The proceedings detail lessons learned so far from planning experiences, priorities for research on MPA impacts, and tools for improving recreational fishers' engagement in planning. The tools include a call for a clear, unified position statement on MPAs from the recreational sector, and detailed case studies of positive and negative impacts on recreational fishers from MPAs. The workshop proceedings are available in PDF format athttp://www.recfish.com.au/mpa/pdf/MPA%20Workshop%20proceedings%20final.pdf.

"MPA Tip" is a recurring feature in MPA News that presents advice on planning and management gathered from various publications on protected areas. The purpose is two-fold: to provide useful guidance to practitioners, and to serve as a reminder of valuable literature in the MPA field.

MPA News adapted the following tip from Managing Protected Areas: A Global Guide (IUCN, 2006), edited by Michael Lockwood, Graeme L. Worboys, and Ashish Kothari. The 802-page book is available for US$99.50 from Amazon.com. You can browse much of the book online for free at Google Book Search (http://books.google.com).

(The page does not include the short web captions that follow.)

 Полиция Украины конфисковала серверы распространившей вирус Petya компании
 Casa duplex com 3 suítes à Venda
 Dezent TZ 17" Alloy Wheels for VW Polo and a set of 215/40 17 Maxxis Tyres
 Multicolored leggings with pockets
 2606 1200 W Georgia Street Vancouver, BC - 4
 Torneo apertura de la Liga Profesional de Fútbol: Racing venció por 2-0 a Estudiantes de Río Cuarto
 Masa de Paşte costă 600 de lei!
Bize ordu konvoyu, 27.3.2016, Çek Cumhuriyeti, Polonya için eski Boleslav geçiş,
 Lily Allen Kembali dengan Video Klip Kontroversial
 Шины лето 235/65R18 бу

Tip: MPA management agencies can derive considerable benefits from partnerships with universities and other research institutions, and should help make non-intrusive research possible in the protected areas. The following guidelines for managers can help ensure these partnerships are effective:

  • Require approval, through a quick and simple process, of all research projects in an MPA before they begin so that managers know what kinds of research are being done there.

  • Proactively define the research that the MPA requires for management purposes, and provide incentives for research institutions to carry it out.

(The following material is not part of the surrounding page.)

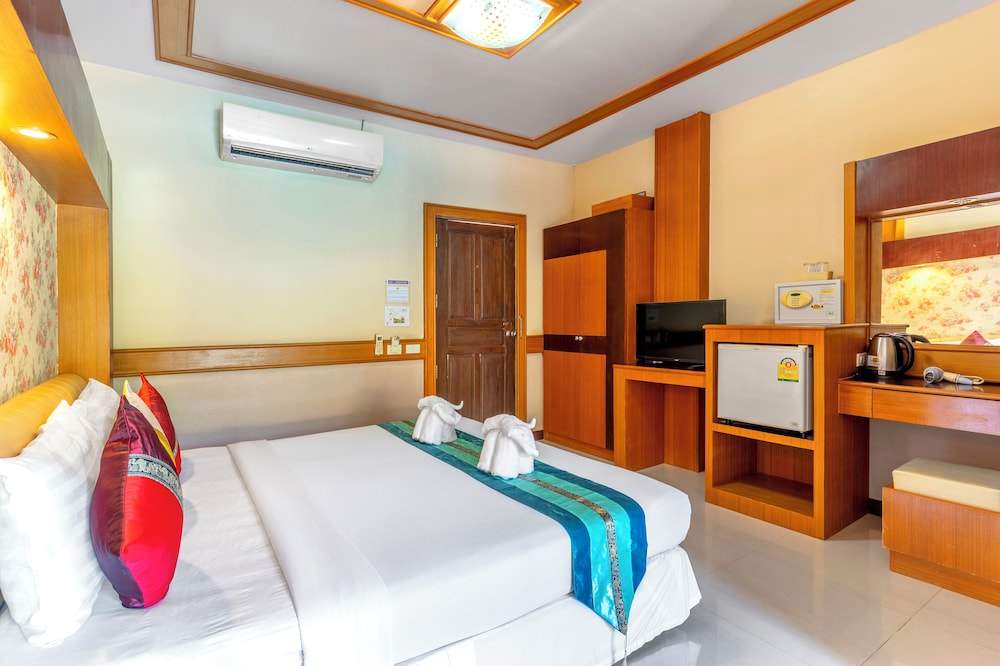 Superior Double Room with Pool View photo 3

  • Consider providing logistics and funding support to applied research that is relevant to the MPA's needs. While purely academic research should be welcomed as well, it should be expected to pay its own way.

  • Agree on the kinds of support that will be provided to researchers by the MPA, such as transport, housing, laboratory facilities, etc.

  • Require that any specimens collected become part of a museum or herbarium collection that is available to other researchers, unless questions of indigenous or local community ownership intervene.

  • Ensure that any research is not significantly disruptive of the natural values for which the MPA was established.

  • Ensure that copies of all publications resulting from the research are sent to both the MPA where the research was carried out and the national MPA management agency.

Dear Reader,

This edition of MPA News marks the start of our ninth year of publication, with subscribers now in 113 countries. The staff and editorial board look forward to continuing to serve MPA practitioners worldwide. Please keep us informed of your MPA's latest efforts, whether new, different, or challenging (mpanews [at] u.washington.edu). We value hearing from our readers, and want to help you share your experience and knowledge with peers.

What makes the coming year particularly exciting is the launch this September of our sister publication on coastal and marine ecosystem-based management, announced in our June 2007 edition. It will adapt and improve on the MPA News model with new, useful features, and enable us to serve a broader group of practitioners.

I will keep you informed of our progress. On behalf of the MPA News team, thank you for continuing to allow us to serve you. It is our pleasure to do so.